Sweeney suggests the following three tips to avoid drug interactions and reduce medications to only what you need.
• Make sure your doctor isn’t treating an effect of a medication: “What can happen is that a person feels dizzy or nauseous, typical drug side effects, and they tell their doctor. Their doctor then prescribes a medication for dizziness or nausea. Now, they are on another medication, one they really don’t need, while the symptom that they felt could have possibly been fixed by adjusting down the dosage of one of their other medications,” Sweeney said.
When she consults with a patient who is on several medications, she works with their provider to reduce the number of drugs by withdrawing one at a time to see how the patient does, and she may also talk to the provider about reducing the dosage level of others when it makes sense.

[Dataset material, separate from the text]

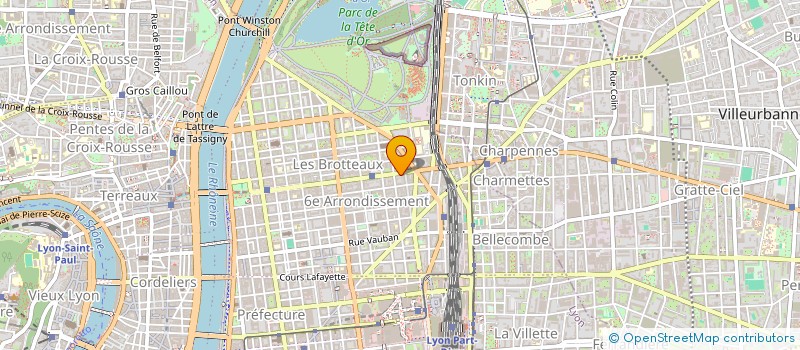 localisation de l'entreprise MARIE ET LOUIS à LYON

• Don’t be afraid to question your provider: Elderly people grew up in a generation where it was impolite to ask questions of a medical provider. Today, most providers welcome questions from their patients.

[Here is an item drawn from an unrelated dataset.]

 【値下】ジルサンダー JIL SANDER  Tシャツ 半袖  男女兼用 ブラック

“Speak up. Tell your doctor what you are feeling, and ask questions. You need to be your own advocate. The more they know, the better they can take care of you,” Sweeney said.
It’s also a good idea to bring someone with you to your appointments who can help keep the conversation on track and take notes, as needed, such as a son or daughter. Sweeney has a patient in her Coumadin Clinic who, through the help of her provider and Karen, was able to get her dose just right for coumadin, and adjust her other medications to the ideal level. Today, she feels better than she has in years.
• Bring your medications, supplements and OTC medications to every appointment: As we age, we develop chronic illnesses, and often, that means seeing several doctors at the same time. Seeing multiple doctors and specialists can set elderly folks up for polypharmacy and drug interactions. That’s why it’s important to tell each doctor what you are taking, and there’s no better way to do so than showing them the actual bottles. Pack all your medications into a bag, and bring them to every appointment. Sweeney encourages people to tell their doctor if they are on an antibiotic, even if it’s short term. Certain antibiotics can interact with blood sugar medication, causing hypoglycemia.
“People don’t think it’s important to mention supplements or drugstore medications, because they think since they are over-the-counter, they are innocuous. That’s not the case. Some drugs interact with supplements. For example, green tea affects warfarin,” Sweeney said.
Remember, the more medications you are on, the more chance you have for a reaction. Be thoughtful and careful about what medications you take, and regularly review your medications with your doctor.
“Often, elderly folks don’t need high doses of medications due to their decreased liver and kidney function. Keeping doses as low as possible helps lower the risk of adverse drug reactions,” Sweeney said.